Chemainus is the talk of the international town as delegates prepare for the eighth Global Mural Conference.
The conference, which spans four days in September, will educate small towns about how to use the arts, culture and tourism for economic development. Organizers say arts and culture can be a powerful tool to revitalize a small community.
“Chemainus was one of the first ones to set this up about 20 years ago, and it has been very successful,” said Chemainus Festival of Murals Society president Tom Andrews. “We’ve added the second theme, which is economic development through arts, culture and tourism, because we felt that would attract more interested delegates in the economic aspect of murals and how it can improve their municipality.”
However, the conference is not just about murals. Rather, it is about branding not being a copycat.
“The attendees can pick something that is unique for their town … they have to look at their town, see what is the unique characteristics and how they can develop the arts, culture and tourism around that,” explained Andrews. “Bill Baker, one of the key speakers, is a consultant on how towns can brand themselves so they can become unique and a destination for people to visit or live or have a business.”
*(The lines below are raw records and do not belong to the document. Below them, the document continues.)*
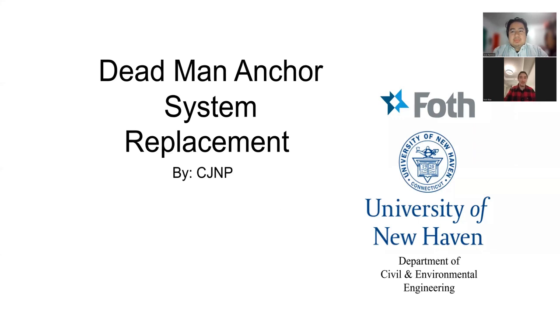Hello everybody, my name is Nicholas Blau. I'm Jose Ramirez. We're with CJNP, designing a dead man anchor system replacement for Fath.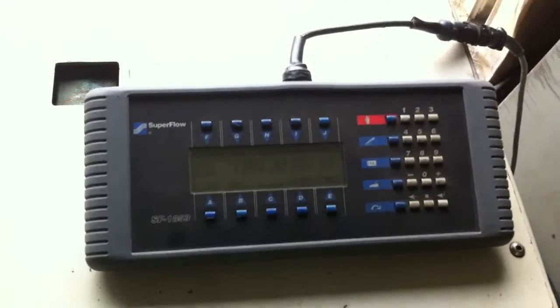That's the handheld control box — that's how you control your dyno testing, what test you're going to run. It has multi-functions; I don't use all of them.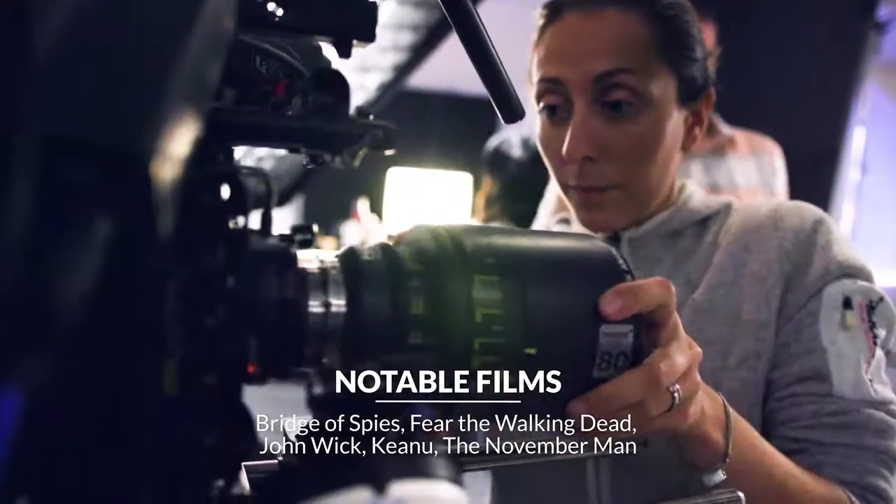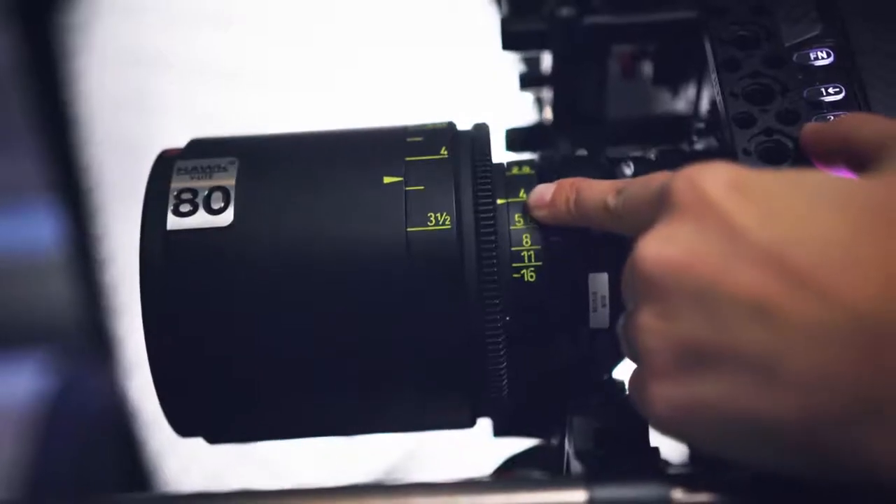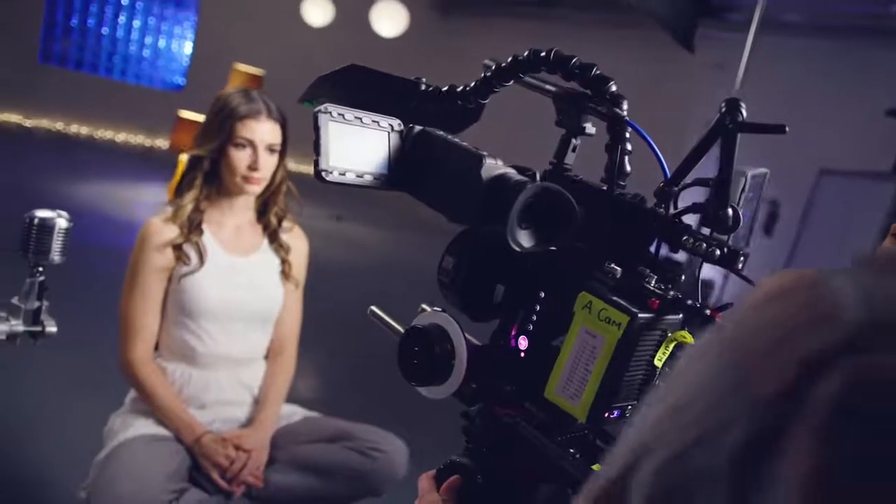They come in a really nice small package. They're easy to use, good mechanics. The set is very complete — there's a lot of focal lengths. They get you a good clean image and you don't have to fight for it. They're very user friendly.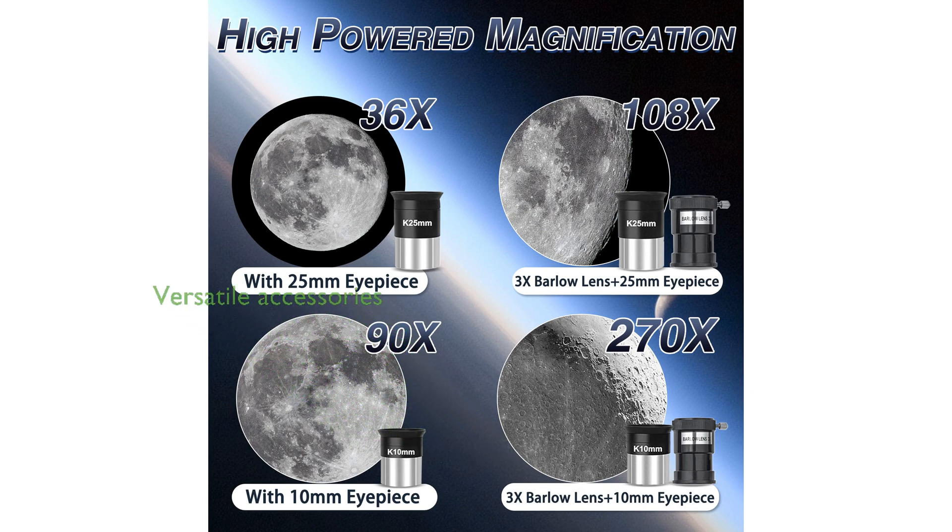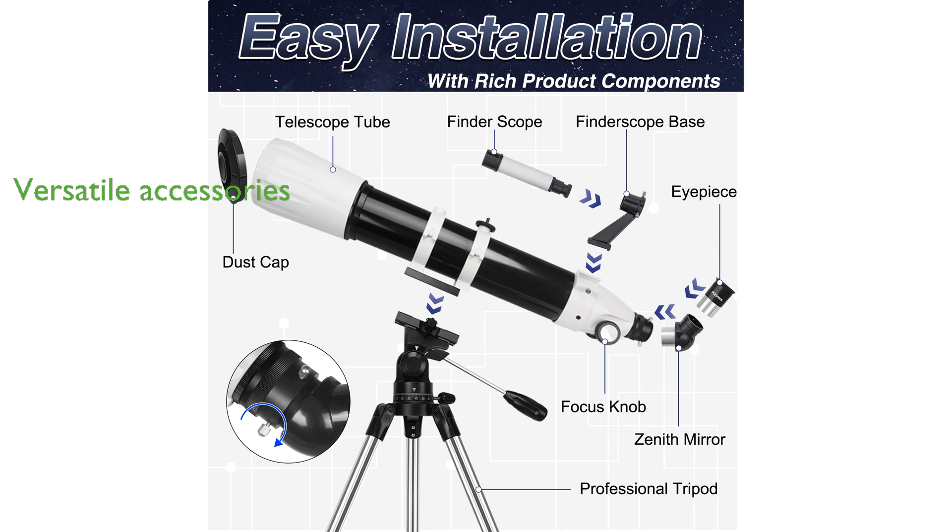A wide range of accessories like a finderscope, zenith mirror, phone holder, and carrying case make this telescope versatile and convenient for capturing and sharing your astronomical adventures.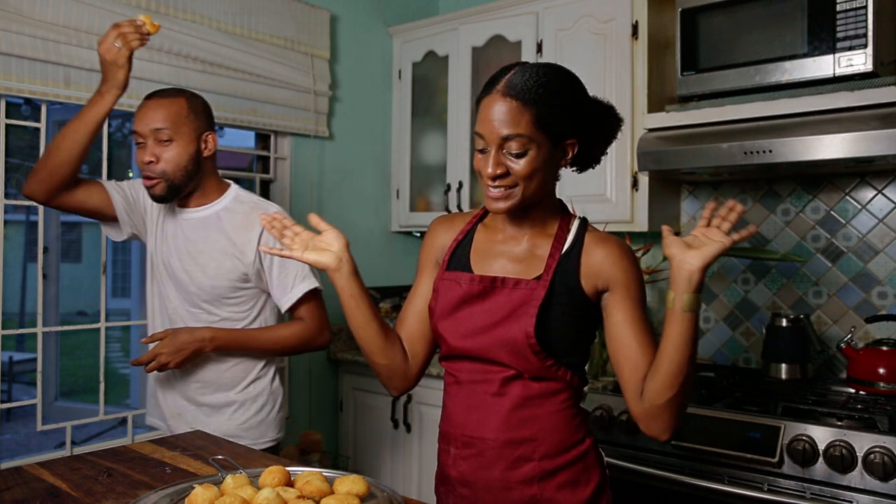And that's a wrap. Thanks for watching, guys. Try this recipe and let me know what you guys think. I've been dying to do Johnny Cakes for y'all. Bye!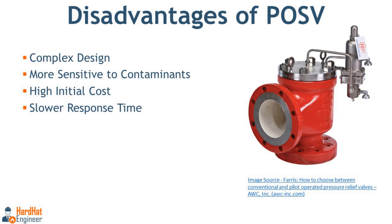Disadvantages of POSV: Complex design — the pilot valve system is more complex than traditional valves, which can make installation and troubleshooting more difficult. It is more sensitive to contaminants, as the pilot system can be affected by dirt or debris, causing malfunction or incorrect operation. Higher initial cost — although POSVs may save money over time, they tend to be more expensive upfront due to their more advanced design. Slower response time — in some cases, the operation of the pilot valve can introduce a slight delay in response time compared to direct spring-loaded valves.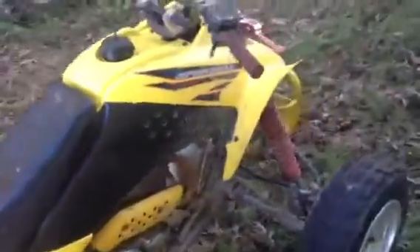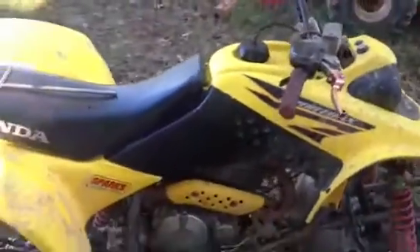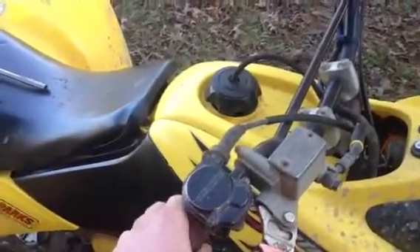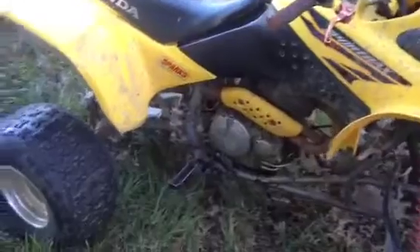Not going to run it too much with the penny back there. I did ride it some yesterday, but I'm not going to ride it until that penny comes out — because I wanted to go beat on it on the dirt road, but I'm not going to do that with the penny in there. All right, I'll talk to y'all later. And it dies. Ha, perfect.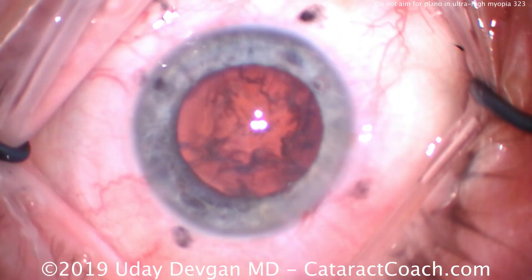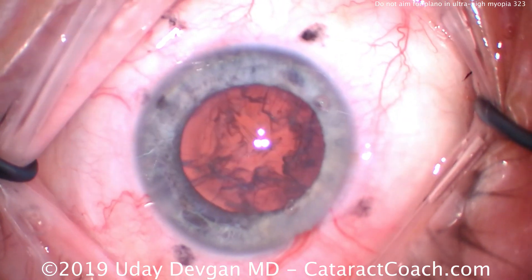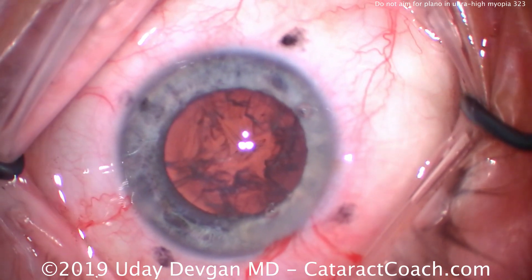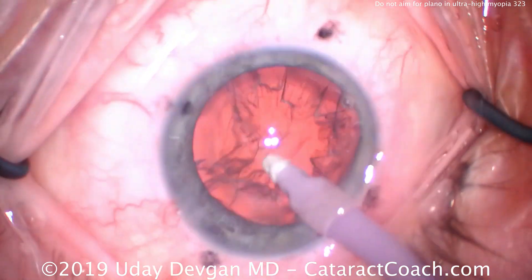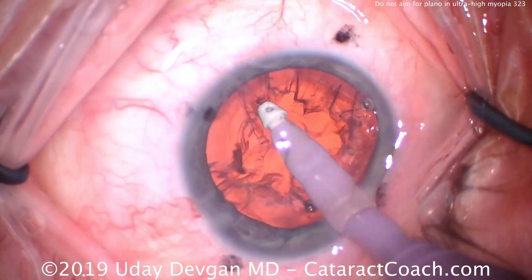As covered in previous videos, reverse pupillary block happens commonly in these ultramyopic eyes. Be cognizant of that. If you do get reverse pupillary block, remember just to tent up the iris to equilibrate the pressure between the anterior chamber and posterior chamber.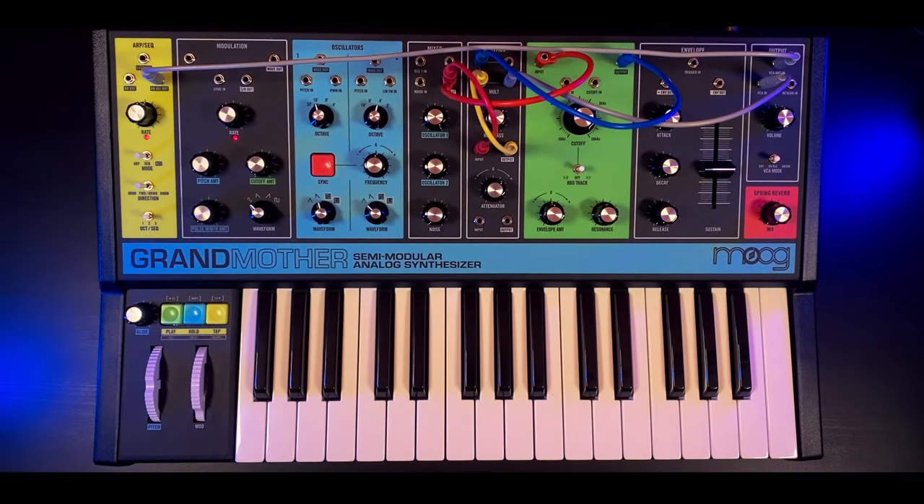Hi and welcome to the channel. Today I am excited to bring you this patch from the song Fun For Me by Moloko.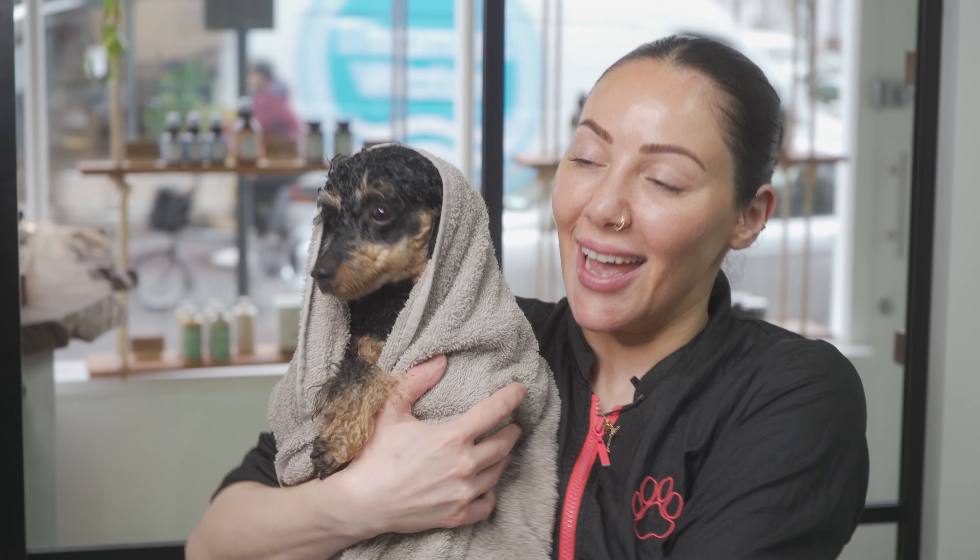Hey, it's Jade from Hackney Barkers and I have my wet Azalea here. Today we're going to show you how to dry and brush your dog using your classic hairdryer from home.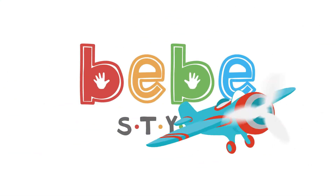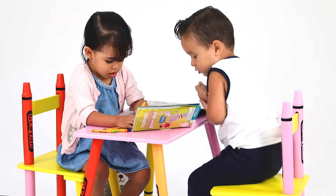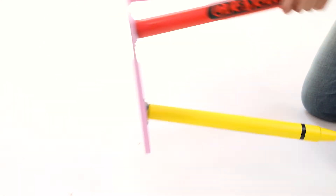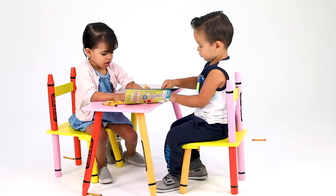From Bebe Style, this crayon-themed table and chair set will make the perfect colorful addition to your home. The lightweight MDF wood makes this set highly durable, easy to move, simple to assemble, and a cinch to clean. The large tabletop surface is perfect for every one of your child's favorite activities.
Chemainus will be used as an example at the conference, but town officials hope to gain something out of this event as well.
“As participants in this conference, we expect to learn things from other participants that will help us with Chemainus … and we expect to learn and offer advice,” said North Cowichan Mayor Jon Lefebure. “You always learn something when you talk to people.”
Murals helped rejuvenate Chemainus, but Lefebure recognizes that tourism is not the golden solution to all economic problems.
“One of the things I will talk about (at the conference) is that it didn’t solve all our problems. We have empty storefronts, and we learned that you can’t live on tourism alone,” he said. “Tourism isn’t the be all and the end all. I believe it is just one aspect of a strong community, and we would be crazy to ignore that. We do have things in our communities that will attract people and there will be good times and not-so-good times, but it is just one part of what we do to keep our towns going.”
Lou Roelofsen, co-chair of the conference, says that this event will have an immediate and long-term impact on the local economy.
“There is a lot of tours for the delegates so they can take different tours of the area if they want to … will these people spend money? Yes,” said Roelofsen. “They are staying in bed and breakfasts, they are staying in hotels, they are wining and dining … there is money being spent, and that’s your economic impact. It should be good exposure for the Cowichan Valley.”
But the number of delegates is less than what organizers had hoped for. There are roughly 80-90 people registered.
“It was my picture that you would be able to attract 180 people, but we are less then that; we are about half,” said Roelofsen. “I’m a little disappointed, but there are still numbers coming in.”
The Global Mural Conference is hosted and organized by the Global Mural Conference Association and the Chemainus Festival of Murals Society. The event will take place Sept. 10- 13 in Chemainus. Anyone interested in attending can register online.